Fortunately, the artist still had a couple of weeks before her group was scheduled to begin its Christmas tour, which comes to Kalamazoo on Thursday. Proceeds will benefit the Kalamazoo Christian Schools.

“I’m drinking green tea with honey and having three or four glasses of something hot every day. … I’ll be healed up,” Perry, 29, said from her home in Martinez, Calif.

Perry’s vocals are key to the three-part harmony she creates with Selah members Allan Hall and Todd Smith. She joined the trio just 14 months ago. But now she’s fully acquainted with Selah’s repertoire, including songs from its Christmas CD, “Rose of Bethlehem.”

“I think on the first half of our Christmas shows we sing our popular songs, like `Press On’ and `You Raise Me Up,”’ Perry said. “After intermission, we come back and hit all the Christmas stuff.”

Selah (a Hebrew word often used in Old Testament psalms of praise), got its start when Hall and Smith joined forces while they were music students at Nashville’s Belmont University. Hall, a keyboardist, often would ask Smith to sing with him when he would perform at area churches.

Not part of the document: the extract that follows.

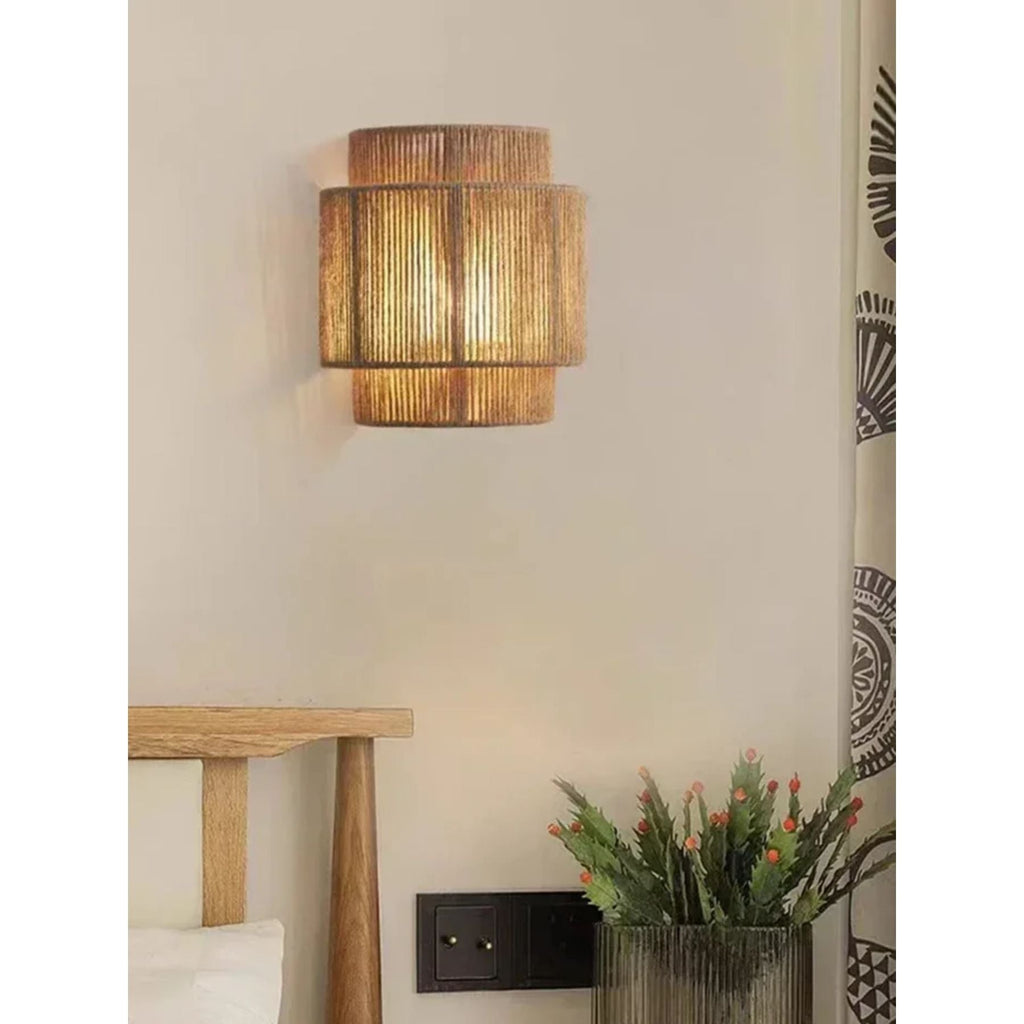 Zola | Ambachtelijke Wandlamp – Japandi Design met Henneptouw & Bamboe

Smith invited his sister Nicol along, and as a trio they would harmonize their own arrangements of classic hymns. Their talented collaboration led to their first CD (“Be Still My Soul”) in 1999, which won a Gospel Music Association Dove Award as the year’s top inspirational album. Two of their succeeding albums were similarly honored.

Smith’s sister left Selah in 2004 and was replaced by Melodie Crittenden. When Crittenden left the following year, the door opened for Perry.

“I had been in Nashville for five years pursuing music, but it was to the point where I didn’t care anymore about a record deal or what people thought,” said Perry, who was content to sing as part of her church worship team.

But the church worship leader also was a professor at Belmont and had taught both Smith and Hall. She knew they were looking for a third voice.

“I auditioned, waited a couple of weeks, and then had a second one, and they hired me,” Perry said.

The soprano joined Selah in time to do some of the vocals on the group’s recent “Bless the Broken Road: The Duets Album.”

The title track, a country ballad popularized by Rascal Flatts, originally was recorded by Crittenden in the ’90s when she was a solo artist. Selah covered the song, and its version was a hit on Christian radio this year.

Another of the tunes, “Mary, Sweet Mary,” is a song the group likely will perform on the Christmas tour.

“It’s very tender and sweet,” Perry said of the ballad, which also is part of a new collection of songs inspired by the current feature film “The Nativity Story.”